Se fosse hoje Presidente da República, saberia muito bem o que fazer.
E o que fazia?
No momento em que os cidadãos estão muito encorajados por haver esta solidariedade europeia que se traduz na tal “bazuca” de fundos europeus, que nos vão ajudar a sair desta crise, não podemos usar os fundos só para voltar ao estado em que estávamos antes de os ter. É uma grande oportunidade para reformar o país. Ao mesmo tempo, os cidadãos também estão preocupados, porque têm a memória do passado em que houve colossais abusos com fundos europeus. Não podemos cair no excesso de burocracia, mas também não podemos passar do oito para o oitenta, para o excesso de facilitação. Designadamente com esta proposta do Governo que está em discussão na Assembleia da República que eleva os limites que dispensam a fundamentação e permitem o ajuste direto, porque essa é a receita para o clientelismo, o compadrio e a corrupção.
Mas o que faria se fosse Presidente da República?
Não aceito o critério que aparentemente foi enunciado pelo primeiro-ministro que teria sido acordado com o Presidente, Marcelo Rebelo de Sousa, de que não há renovação automática de mandatos para determinados cargos públicos. Não pode haver não renovação automática, tal como não pode haver renovação automática. É preciso uma apreciação caso a caso, que resulta de uma avaliação do cumprimento do mandato.
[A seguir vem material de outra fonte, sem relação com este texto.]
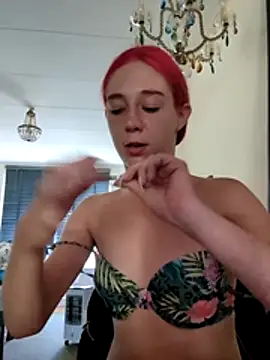 Kastella x online show from July 2026 03:48:02 PM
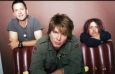 Foto de Goo Goo Dolls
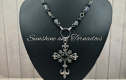 Necklaces and Pendants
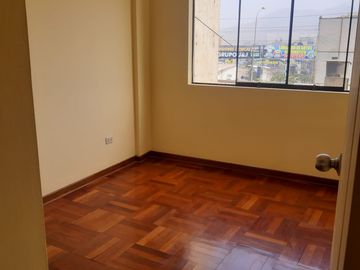 🔸EXCELENTE OPORTUNIDAD 🔸VENTA DE DPTO EN URB. SANTA ANITA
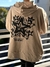 Buzo Over STAR - tienda online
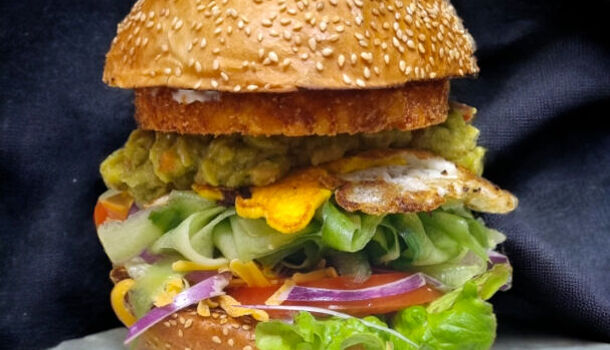 Local commercial 4 pièces  à vendre Londe-les-Maures (La) 83250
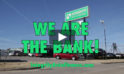 We are the Bank! [video]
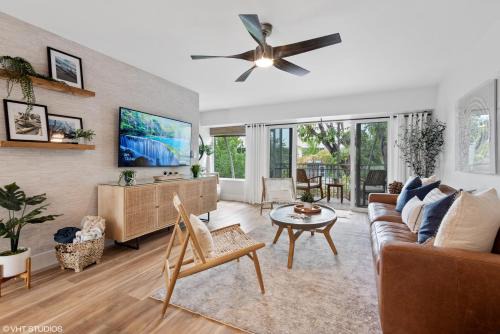 Key Largo House | Key Largo Villa, Kawama K5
Ainda relativamente aos fundos europeus, não tendo nada a ver com a Iniciativa Liberal, concordo com a proposta de que se crie um portal que permita a total transparência e escrutínio de todos os contratos que o Estado, no âmbito dos fundos europeus, vai pôr na praça e que se controle todos os concorrentes. É a transparência que vai garantir a integridade do processo.
O primeiro-ministro já disse que o principal interessado em que haja transparência é ele.
Então é fácil, faça o tal portal. Permitir um esquema de ajustes diretos com um montante elevadíssimo, obviamente não facilita o escrutínio, ou facilita o escrutínio a posteriori.
É preciso seguir o dinheiro.
Não é só a aplicação do dinheiro, é a qualidade das decisões, onde se vai aplicar. Não precisamos de mais elefantes brancos. É preciso um rumo estratégico que neste momento não se vê. Aí o Presidente da República pode ter um papel determinante, no encontrar desse rumo, no definir quais são as prioridades. Por exemplo, empresas que se candidatem e tenham sede numa offshore pura e simplesmente não devem ser aceites.
Este PS e este Governo ainda têm muitos dirigentes e também ministros que trabalharam com José Sócrates. Aparentemente ninguém deu por nada, não deram por nada dos casos em que o ex-primeiro-ministro é acusado. O que mudou no PS e no país para que um caso destes não se repita?
Eu fui uma das socialistas que foram a um congresso dizer que o PS tinha de meter a mão na consciência relativamente à forma como se tinha deixado instrumentalizar por José Sócrates.
E o PS pôs a mão na consciência?
Não. Até hoje não a pôs suficientemente, mas no PS há muita gente boa que pensa como eu. E não estou a falar do papel que cabe à Justiça; estou a falar das consequências políticas que um partido como o PS devia ter retirado, até para instalar confiança, não só nos seus militantes, mas em toda a sociedade.
Se for eleita Presidente da República, o que fará sobre a legalização da eutanásia se lhe chegar às mãos essa proposta?
Eu sou a favor da legalização da eutanásia e a dolorosa experiência que acabo de viver, com o meu marido [faleceu recentemente] ainda mais reforçou essa convicção. Há um sofrimento da própria pessoa, mas também da família que pode ser evitado, se se sabe que se está perante uma situação que não tem regresso, que não tem remédio, que tem de ser evitado. O sofrimento é muito doloroso, é uma verdadeira tortura. Não podemos tolerar isso.